The building design incorporates the following:
Modern balloon timber framing, using home-grown local timber
high thermal mass internally with masonry walls and solid floor
Full-fill pumped cellulose insulation; 300mm roof and walls
150mm eps floor insulation
good air-tightness detailing
MVHR ventilation system
high quality home-grown timber double glazed windows
low water usage sanitaryware
On-site reed bed sewage treatment system
Clean burning wood stoves for space heating
natural linoleum floor finish
Natural paints and finishes throughout
Passive solar design as key to building’s orientation and position
timber-based roof finish
This building was built with a very modest budget, and with the help of volunteers and non-specialist staff labour. Because of this, we designed it with a very simple plan.
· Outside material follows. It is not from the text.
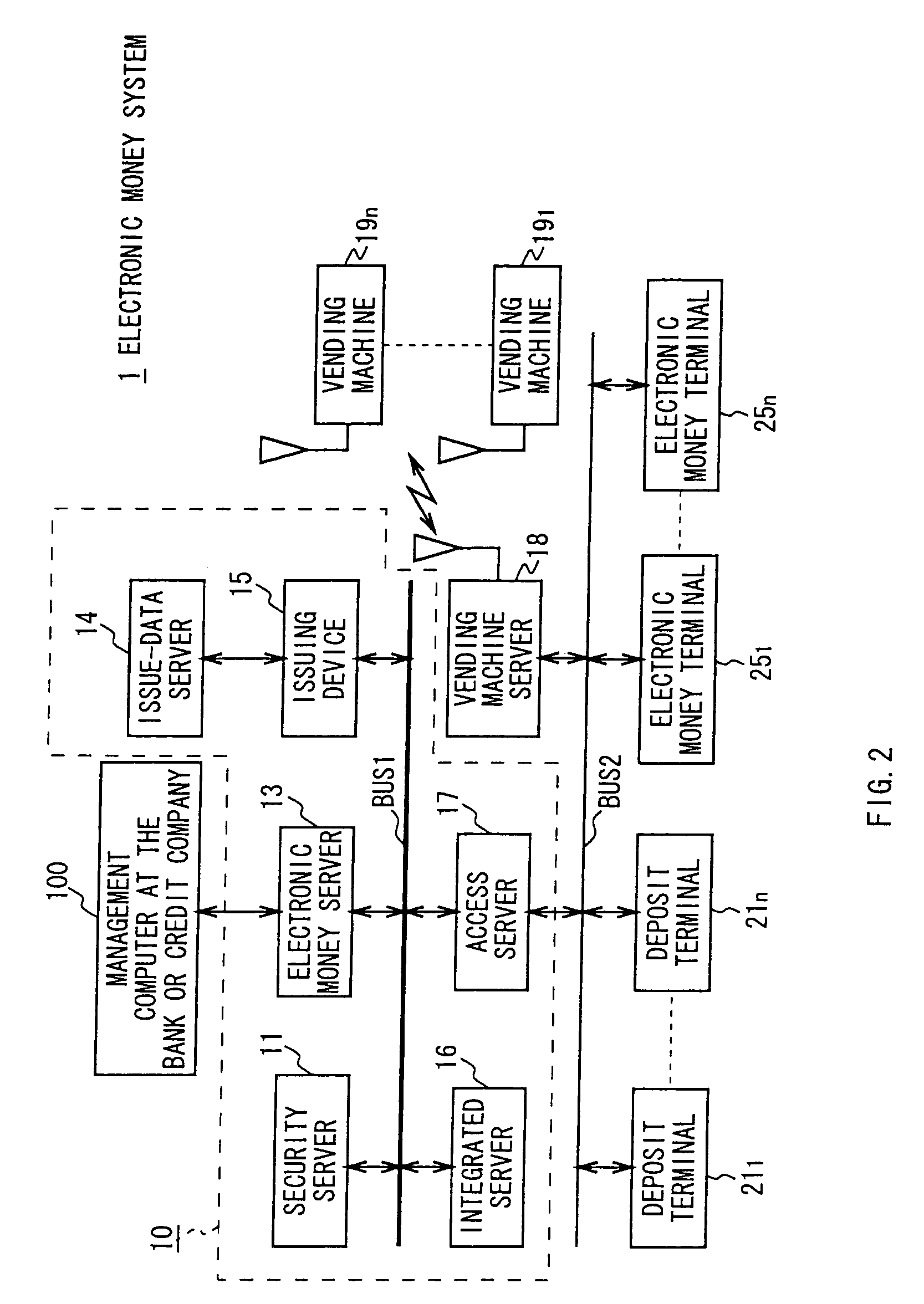 Electronic money system and electronic money terminal device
However, the investment the Trust made to commission an unusual timber structure and to pursue the theme of energy efficient alongside ecological healthy materials has reaped its benefits.
Through its use by a huge variety of user groups, it broadens out the debate about sustainability; as Gerwyn Lewis, commissioning director said ” it is a significant building that gave the whole site a new image, and brought the organisation to the world of sustainable development .”
We continue to work with the client group to look for opportunities to monitor its performance; this is currently being investigated to maintain the Gold Award from the Green Tourism Business Scheme.
Peak space heating loads for the building = 5 kW
‘U’ Values W/m2k External walls 0.16 Ground floor 0.17 Roof 0.13 Vertical windows 1.5 Roof lights 2.0 External doors 0.7 Air infiltration assumed 0.34 air changes per hour; ventilation rate 0.34. Compared to a standard new building that meets the building regulation standards, the insulation levels here are more than 2.5 times higher.Overall, a 70% reduction in total energy demand (compared to a conventional building) should be possible and an 80% reduction in CO2 emissions (in part due to the use of wood as a heating fuel).
The internal walls (including the two-storey firewall) are built using dense concrete blocks in order to store heat gained during warmer periods and remain warm into periods of colder weather. the walls act in much the same way as a storage radiator and help maintain temperatures inside the building when temperatures are rising and falling outside.